Your response should be the lines from the one containing "Black Pillar Candle" through the end of the material, copied exactly and with nothing added.

# # # #

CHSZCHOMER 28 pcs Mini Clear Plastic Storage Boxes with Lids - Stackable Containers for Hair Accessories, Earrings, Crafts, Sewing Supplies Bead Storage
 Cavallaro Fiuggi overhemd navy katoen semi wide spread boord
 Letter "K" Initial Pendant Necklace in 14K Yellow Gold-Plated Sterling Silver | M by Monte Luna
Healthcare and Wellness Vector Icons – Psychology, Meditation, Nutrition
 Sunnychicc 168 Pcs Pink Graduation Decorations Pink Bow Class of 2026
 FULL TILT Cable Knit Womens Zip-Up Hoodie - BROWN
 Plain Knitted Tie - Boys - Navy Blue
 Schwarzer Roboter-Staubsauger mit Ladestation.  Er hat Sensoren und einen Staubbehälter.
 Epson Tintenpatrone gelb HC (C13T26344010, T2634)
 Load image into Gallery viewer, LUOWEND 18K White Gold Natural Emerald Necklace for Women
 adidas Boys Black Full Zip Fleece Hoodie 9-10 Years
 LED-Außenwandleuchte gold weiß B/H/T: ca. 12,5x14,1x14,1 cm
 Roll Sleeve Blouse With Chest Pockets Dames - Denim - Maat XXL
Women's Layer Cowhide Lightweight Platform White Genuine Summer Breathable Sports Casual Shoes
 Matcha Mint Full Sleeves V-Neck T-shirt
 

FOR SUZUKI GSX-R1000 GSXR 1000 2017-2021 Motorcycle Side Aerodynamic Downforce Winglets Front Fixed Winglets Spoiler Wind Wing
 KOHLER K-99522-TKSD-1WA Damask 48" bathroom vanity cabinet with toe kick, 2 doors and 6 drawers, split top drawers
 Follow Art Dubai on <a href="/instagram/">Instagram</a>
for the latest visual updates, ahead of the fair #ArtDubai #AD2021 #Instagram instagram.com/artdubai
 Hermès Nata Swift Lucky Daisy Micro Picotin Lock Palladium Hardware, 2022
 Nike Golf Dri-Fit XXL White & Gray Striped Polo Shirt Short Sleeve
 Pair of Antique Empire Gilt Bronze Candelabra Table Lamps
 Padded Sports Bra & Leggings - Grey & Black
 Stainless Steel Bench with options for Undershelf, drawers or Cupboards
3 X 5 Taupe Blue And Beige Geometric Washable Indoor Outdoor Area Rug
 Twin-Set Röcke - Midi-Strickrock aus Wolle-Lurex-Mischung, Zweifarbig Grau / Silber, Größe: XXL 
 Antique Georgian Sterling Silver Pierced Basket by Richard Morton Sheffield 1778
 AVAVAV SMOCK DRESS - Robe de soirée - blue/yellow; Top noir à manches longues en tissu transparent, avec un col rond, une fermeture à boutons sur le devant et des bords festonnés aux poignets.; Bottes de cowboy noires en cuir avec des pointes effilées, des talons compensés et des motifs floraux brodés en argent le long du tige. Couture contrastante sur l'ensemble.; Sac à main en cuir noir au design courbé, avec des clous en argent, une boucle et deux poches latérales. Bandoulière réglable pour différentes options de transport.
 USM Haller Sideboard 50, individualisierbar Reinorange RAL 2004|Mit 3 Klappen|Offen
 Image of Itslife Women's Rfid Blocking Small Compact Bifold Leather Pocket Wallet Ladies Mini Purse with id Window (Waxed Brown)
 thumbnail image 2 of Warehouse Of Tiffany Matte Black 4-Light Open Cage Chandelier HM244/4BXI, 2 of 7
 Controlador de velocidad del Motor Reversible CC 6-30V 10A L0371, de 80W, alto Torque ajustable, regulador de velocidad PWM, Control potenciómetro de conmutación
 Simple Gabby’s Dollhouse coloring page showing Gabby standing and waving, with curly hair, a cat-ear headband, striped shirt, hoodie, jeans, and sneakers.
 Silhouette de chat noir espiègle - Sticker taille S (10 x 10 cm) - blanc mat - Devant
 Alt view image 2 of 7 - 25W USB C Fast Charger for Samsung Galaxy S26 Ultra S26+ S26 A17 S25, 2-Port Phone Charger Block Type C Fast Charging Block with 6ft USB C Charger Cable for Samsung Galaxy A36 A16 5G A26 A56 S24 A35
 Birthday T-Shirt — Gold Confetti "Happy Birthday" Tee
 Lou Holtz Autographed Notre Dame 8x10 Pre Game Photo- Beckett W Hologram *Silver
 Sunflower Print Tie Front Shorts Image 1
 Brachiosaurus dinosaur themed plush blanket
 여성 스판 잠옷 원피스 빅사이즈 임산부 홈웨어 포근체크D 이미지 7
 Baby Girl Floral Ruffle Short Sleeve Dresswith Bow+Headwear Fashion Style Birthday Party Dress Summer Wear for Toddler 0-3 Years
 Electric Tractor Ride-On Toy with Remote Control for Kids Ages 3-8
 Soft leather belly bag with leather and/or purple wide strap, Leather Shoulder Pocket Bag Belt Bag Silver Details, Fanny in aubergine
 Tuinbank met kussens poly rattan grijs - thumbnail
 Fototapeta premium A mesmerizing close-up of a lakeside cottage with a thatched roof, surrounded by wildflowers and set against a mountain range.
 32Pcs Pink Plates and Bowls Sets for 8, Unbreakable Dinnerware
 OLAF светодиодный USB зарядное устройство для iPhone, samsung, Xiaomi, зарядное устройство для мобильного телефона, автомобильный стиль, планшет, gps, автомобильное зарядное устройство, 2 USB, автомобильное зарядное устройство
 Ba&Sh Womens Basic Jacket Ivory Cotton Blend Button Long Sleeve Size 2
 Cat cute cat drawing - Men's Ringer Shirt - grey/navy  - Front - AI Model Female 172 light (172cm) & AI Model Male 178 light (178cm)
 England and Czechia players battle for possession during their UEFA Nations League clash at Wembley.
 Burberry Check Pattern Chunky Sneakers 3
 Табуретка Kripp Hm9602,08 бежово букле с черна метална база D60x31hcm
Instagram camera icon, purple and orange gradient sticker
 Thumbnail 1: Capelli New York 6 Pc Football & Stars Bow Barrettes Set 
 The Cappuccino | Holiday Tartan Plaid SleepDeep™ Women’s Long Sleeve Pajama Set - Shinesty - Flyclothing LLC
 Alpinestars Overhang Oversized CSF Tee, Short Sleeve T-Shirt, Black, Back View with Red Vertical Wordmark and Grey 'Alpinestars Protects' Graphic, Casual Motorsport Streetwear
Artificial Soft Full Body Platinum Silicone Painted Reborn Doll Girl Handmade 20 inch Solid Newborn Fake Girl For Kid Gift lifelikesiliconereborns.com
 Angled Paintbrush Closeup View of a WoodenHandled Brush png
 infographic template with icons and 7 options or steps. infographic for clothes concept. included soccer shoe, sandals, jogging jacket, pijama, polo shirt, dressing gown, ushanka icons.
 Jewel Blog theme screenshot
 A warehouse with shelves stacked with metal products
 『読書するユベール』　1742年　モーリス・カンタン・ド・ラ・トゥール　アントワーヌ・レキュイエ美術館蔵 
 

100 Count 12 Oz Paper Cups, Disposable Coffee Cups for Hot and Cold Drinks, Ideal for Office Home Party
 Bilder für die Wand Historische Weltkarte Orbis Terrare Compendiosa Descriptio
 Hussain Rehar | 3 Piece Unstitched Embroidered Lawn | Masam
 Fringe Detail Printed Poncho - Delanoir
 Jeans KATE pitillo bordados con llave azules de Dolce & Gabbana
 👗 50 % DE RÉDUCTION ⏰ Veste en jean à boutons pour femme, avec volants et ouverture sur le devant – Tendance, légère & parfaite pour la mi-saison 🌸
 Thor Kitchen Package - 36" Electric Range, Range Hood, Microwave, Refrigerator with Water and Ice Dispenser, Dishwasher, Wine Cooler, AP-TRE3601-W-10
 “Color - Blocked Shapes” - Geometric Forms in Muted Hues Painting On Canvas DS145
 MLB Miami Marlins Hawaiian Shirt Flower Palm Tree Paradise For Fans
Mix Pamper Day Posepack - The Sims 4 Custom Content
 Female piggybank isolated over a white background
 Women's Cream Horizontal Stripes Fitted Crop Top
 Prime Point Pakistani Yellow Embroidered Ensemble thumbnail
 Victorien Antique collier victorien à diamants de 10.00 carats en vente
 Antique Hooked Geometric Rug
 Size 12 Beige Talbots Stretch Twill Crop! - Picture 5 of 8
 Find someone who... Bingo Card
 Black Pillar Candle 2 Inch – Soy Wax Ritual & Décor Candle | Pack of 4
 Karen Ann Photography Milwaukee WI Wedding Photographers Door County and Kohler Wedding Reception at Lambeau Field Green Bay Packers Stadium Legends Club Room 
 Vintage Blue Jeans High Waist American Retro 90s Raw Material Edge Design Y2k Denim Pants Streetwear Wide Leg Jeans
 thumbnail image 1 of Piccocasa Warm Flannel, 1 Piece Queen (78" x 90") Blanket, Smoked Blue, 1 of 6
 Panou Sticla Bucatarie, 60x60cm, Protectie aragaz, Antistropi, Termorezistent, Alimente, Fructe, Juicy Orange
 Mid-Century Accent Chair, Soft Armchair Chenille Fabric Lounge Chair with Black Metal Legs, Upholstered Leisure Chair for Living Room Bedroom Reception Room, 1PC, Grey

# # # #

Solution:
 Black Pillar Candle 2 Inch – Soy Wax Ritual & Décor Candle | Pack of 4
 Karen Ann Photography Milwaukee WI Wedding Photographers Door County and Kohler Wedding Reception at Lambeau Field Green Bay Packers Stadium Legends Club Room 
 Vintage Blue Jeans High Waist American Retro 90s Raw Material Edge Design Y2k Denim Pants Streetwear Wide Leg Jeans
 thumbnail image 1 of Piccocasa Warm Flannel, 1 Piece Queen (78" x 90") Blanket, Smoked Blue, 1 of 6
 Panou Sticla Bucatarie, 60x60cm, Protectie aragaz, Antistropi, Termorezistent, Alimente, Fructe, Juicy Orange
 Mid-Century Accent Chair, Soft Armchair Chenille Fabric Lounge Chair with Black Metal Legs, Upholstered Leisure Chair for Living Room Bedroom Reception Room, 1PC, Grey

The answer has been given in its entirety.